Task statement –
Once "Sweater Pullover Sweatshirt" turns up in a line below, reproduce that line and those after it exactly, stopping after the line with "Western Saloon - Old"; leave pictures out.

Top of Source data

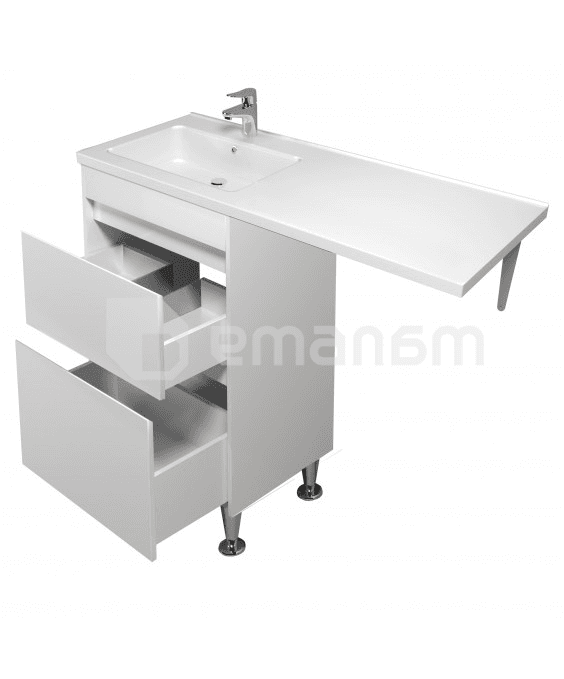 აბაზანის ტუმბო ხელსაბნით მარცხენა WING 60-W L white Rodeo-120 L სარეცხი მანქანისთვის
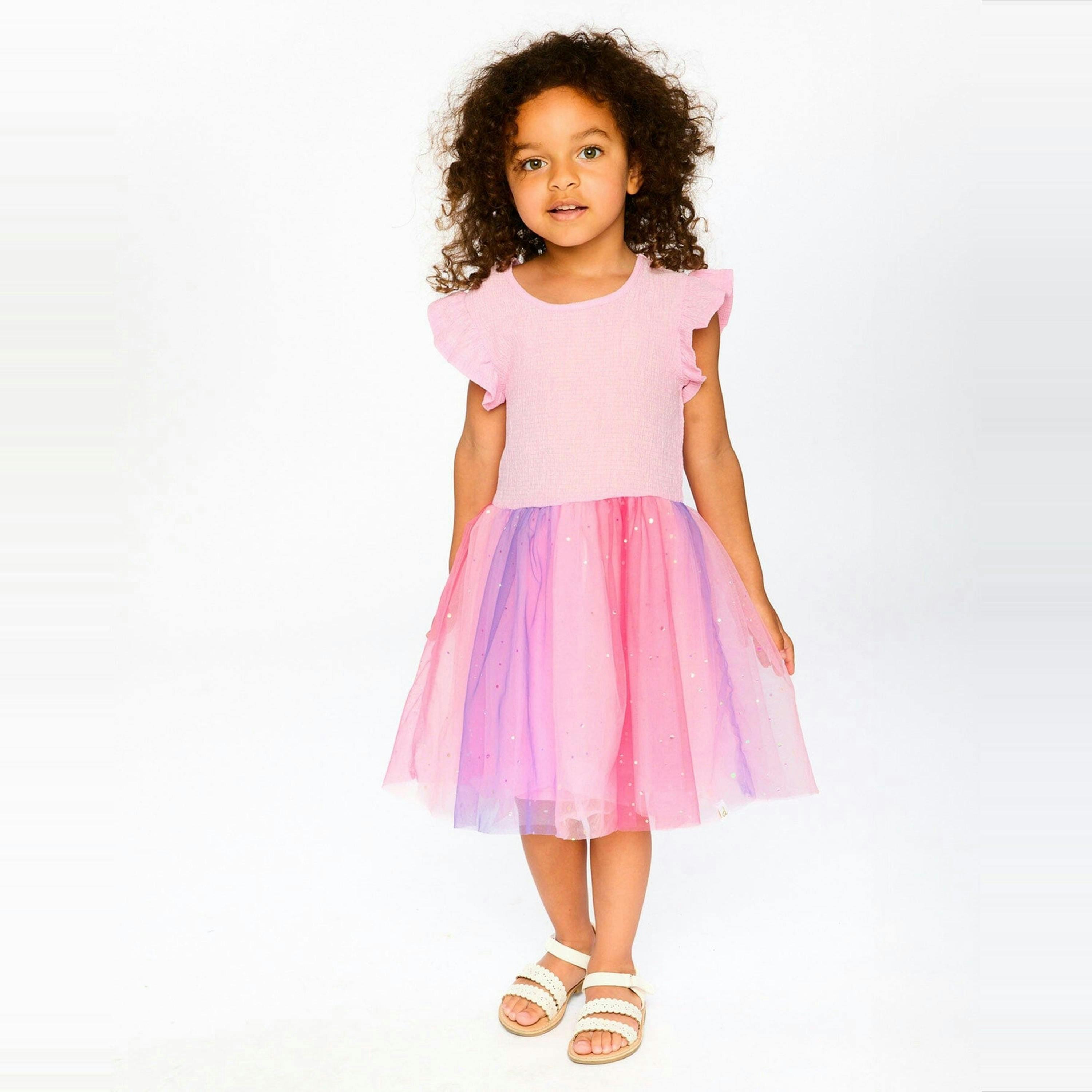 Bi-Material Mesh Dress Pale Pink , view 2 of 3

Bottom of Source data
Top of Source data

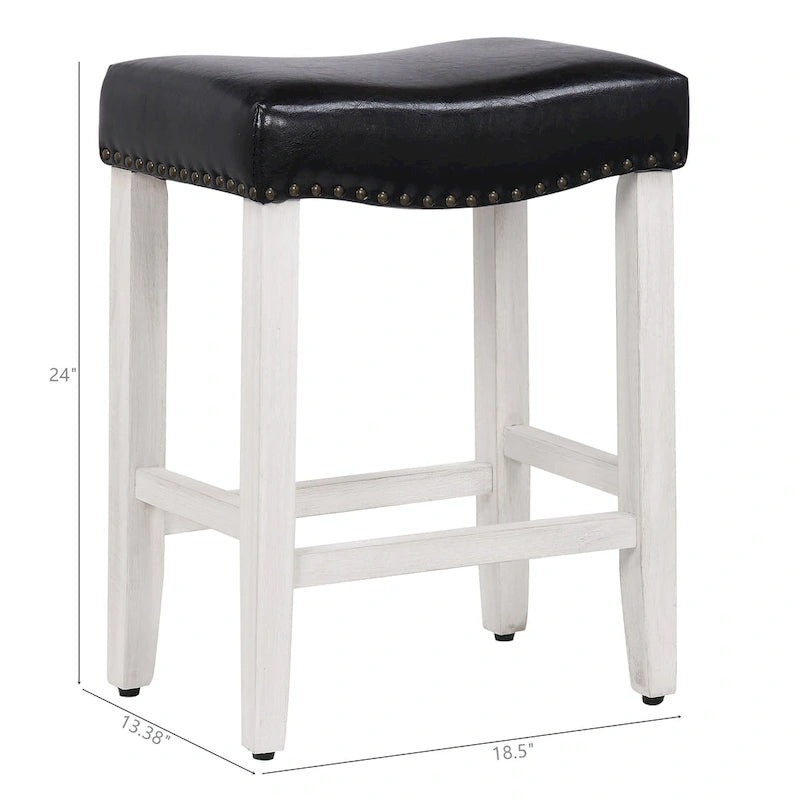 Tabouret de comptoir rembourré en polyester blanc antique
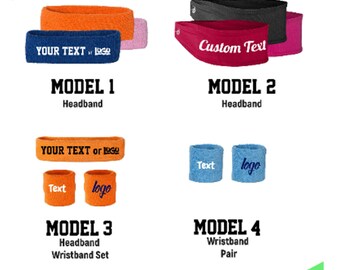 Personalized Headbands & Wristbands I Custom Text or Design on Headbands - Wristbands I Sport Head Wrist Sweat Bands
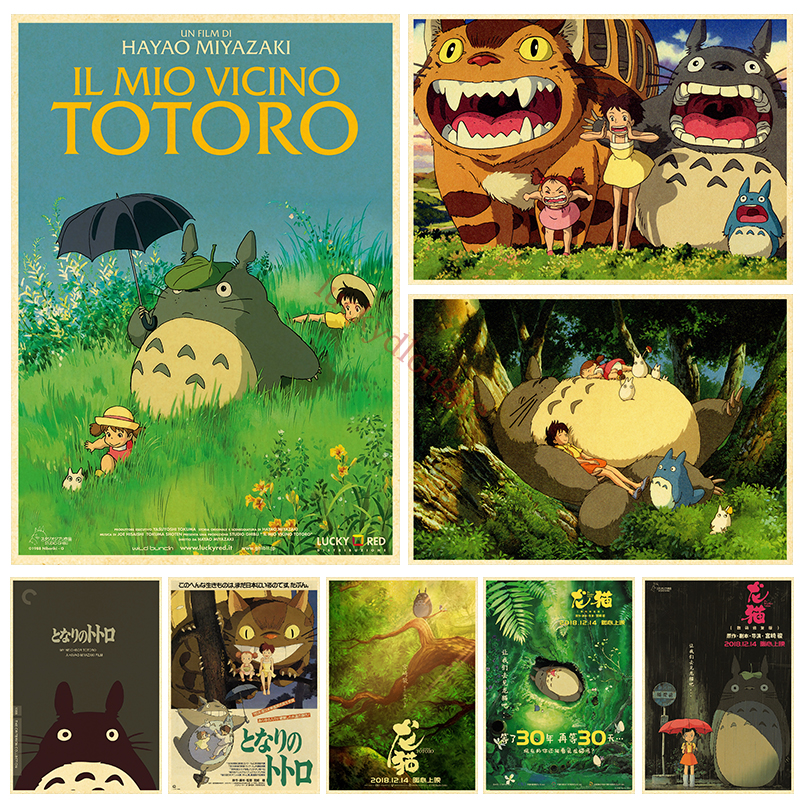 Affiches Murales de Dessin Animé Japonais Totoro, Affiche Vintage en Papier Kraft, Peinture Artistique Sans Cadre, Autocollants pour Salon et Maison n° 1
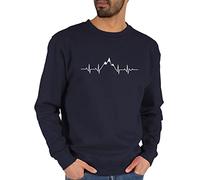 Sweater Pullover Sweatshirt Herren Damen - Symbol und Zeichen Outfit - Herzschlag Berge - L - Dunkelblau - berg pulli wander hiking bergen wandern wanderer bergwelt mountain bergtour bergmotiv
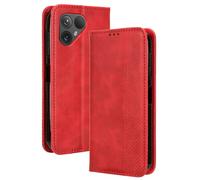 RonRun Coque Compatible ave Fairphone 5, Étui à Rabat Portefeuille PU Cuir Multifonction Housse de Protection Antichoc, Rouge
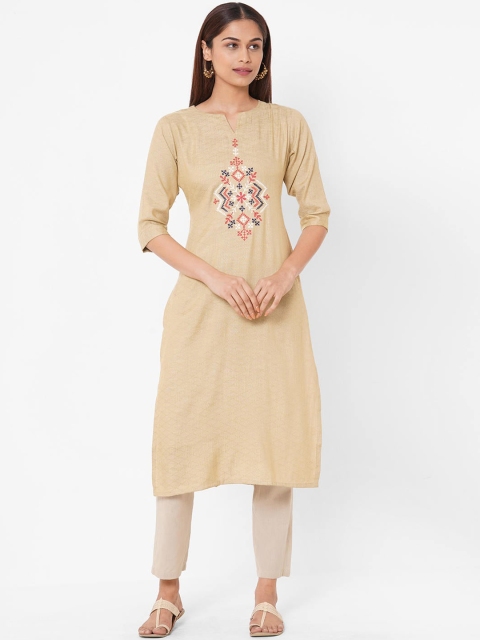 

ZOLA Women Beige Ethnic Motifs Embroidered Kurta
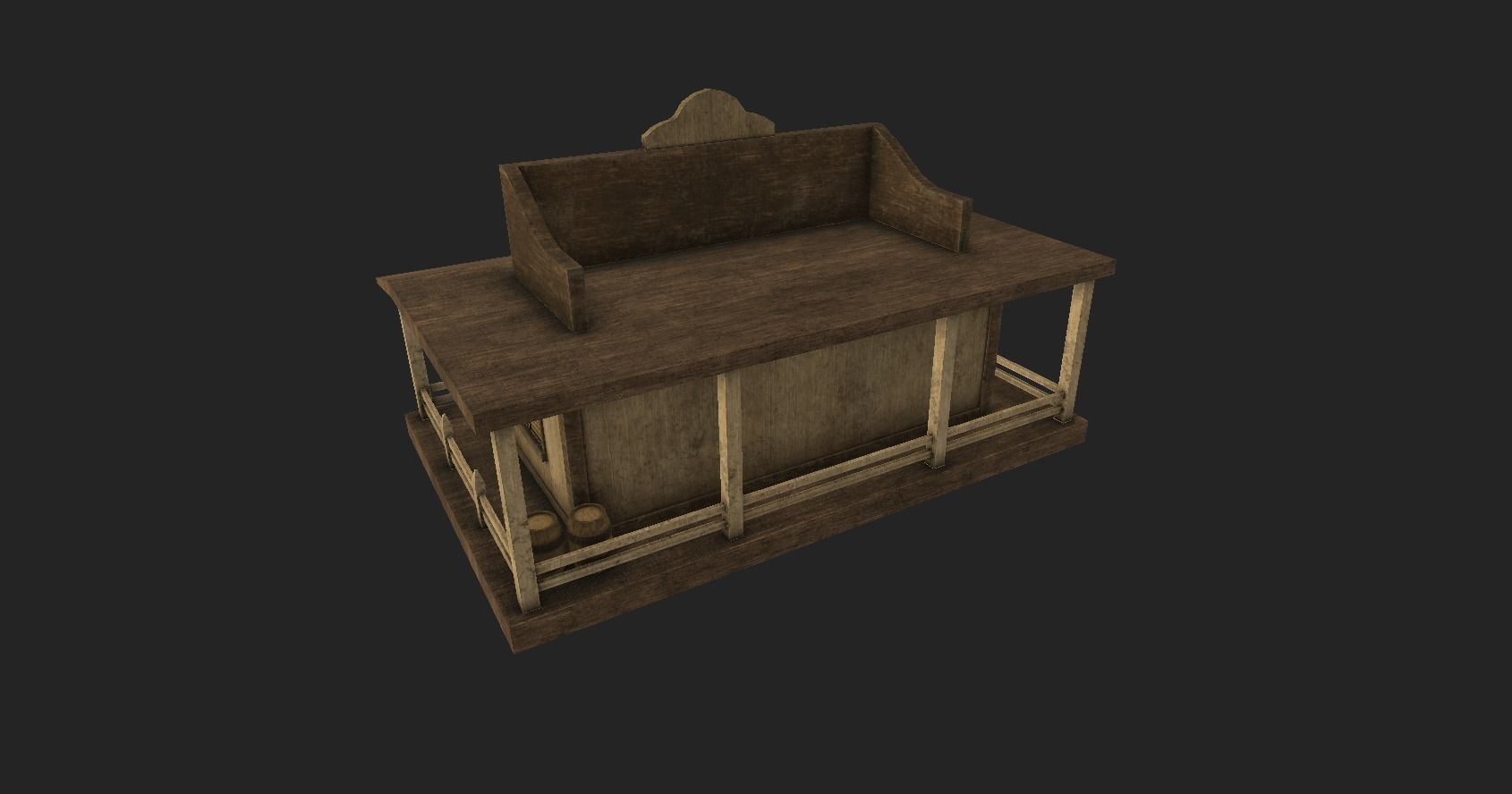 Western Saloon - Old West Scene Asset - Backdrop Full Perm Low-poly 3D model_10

Bottom of Source data
Top of Source data

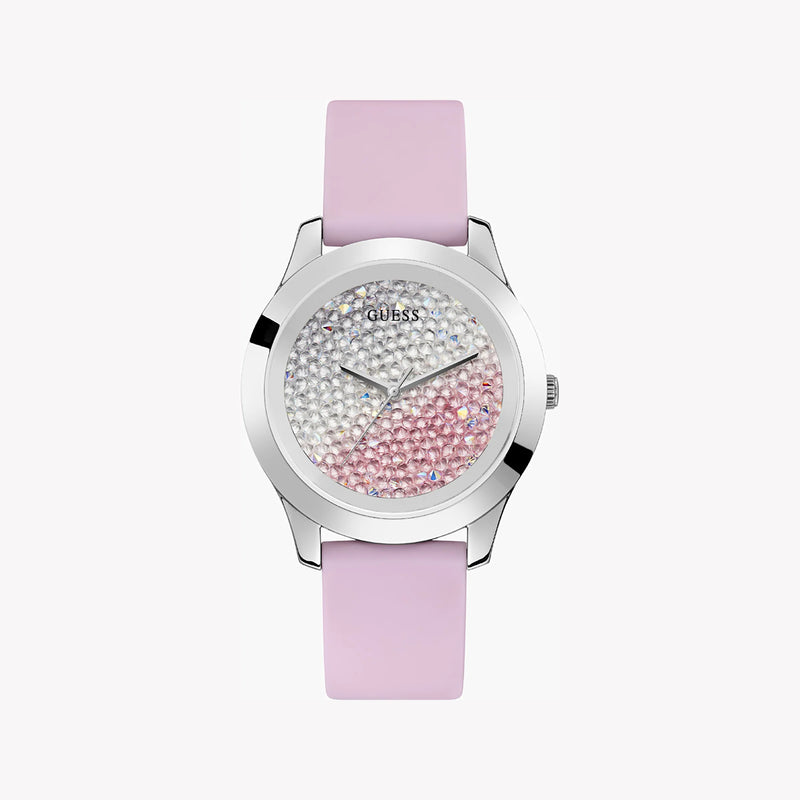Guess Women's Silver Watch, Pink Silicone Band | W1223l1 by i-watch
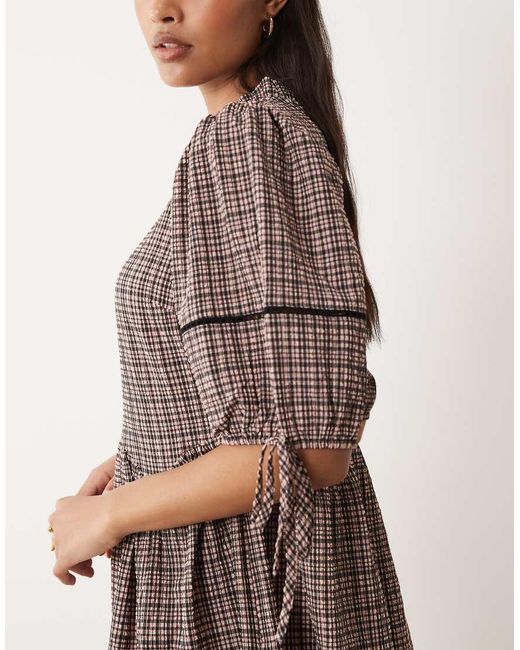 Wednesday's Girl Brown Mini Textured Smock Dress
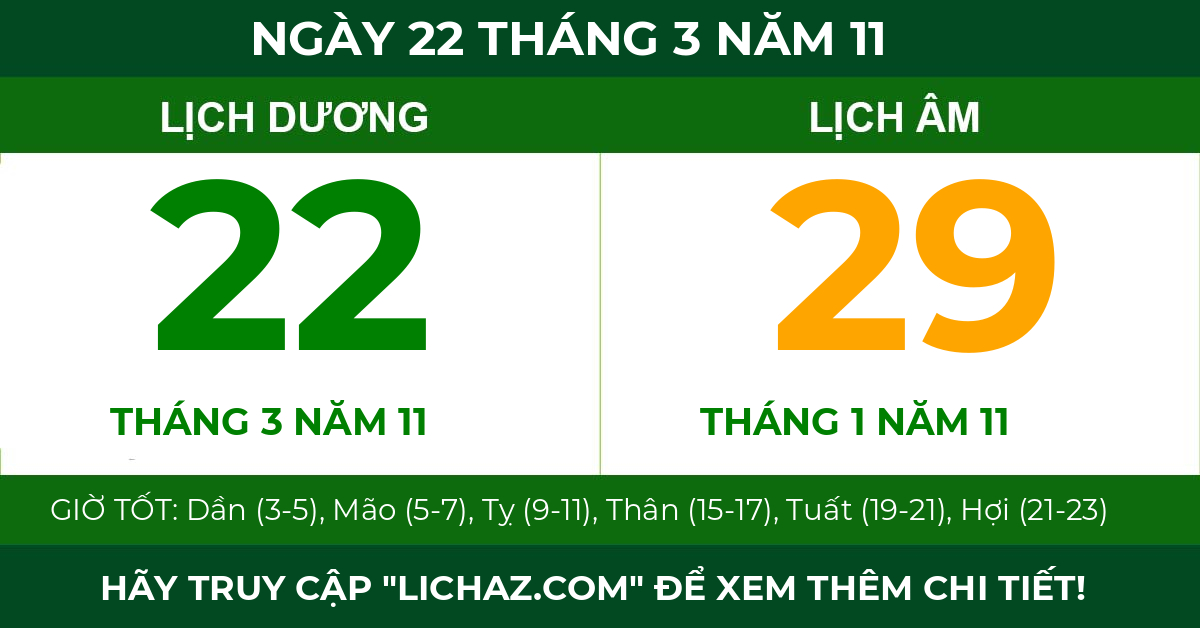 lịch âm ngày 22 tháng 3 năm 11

Bottom of Source data

Answer space –
 Sweater Pullover Sweatshirt Herren Damen - Symbol und Zeichen Outfit - Herzschlag Berge - L - Dunkelblau - berg pulli wander hiking bergen wandern wanderer bergwelt mountain bergtour bergmotiv
 RonRun Coque Compatible ave Fairphone 5, Étui à Rabat Portefeuille PU Cuir Multifonction Housse de Protection Antichoc, Rouge

ZOLA Women Beige Ethnic Motifs Embroidered Kurta
 Western Saloon - Old West Scene Asset - Backdrop Full Perm Low-poly 3D model_10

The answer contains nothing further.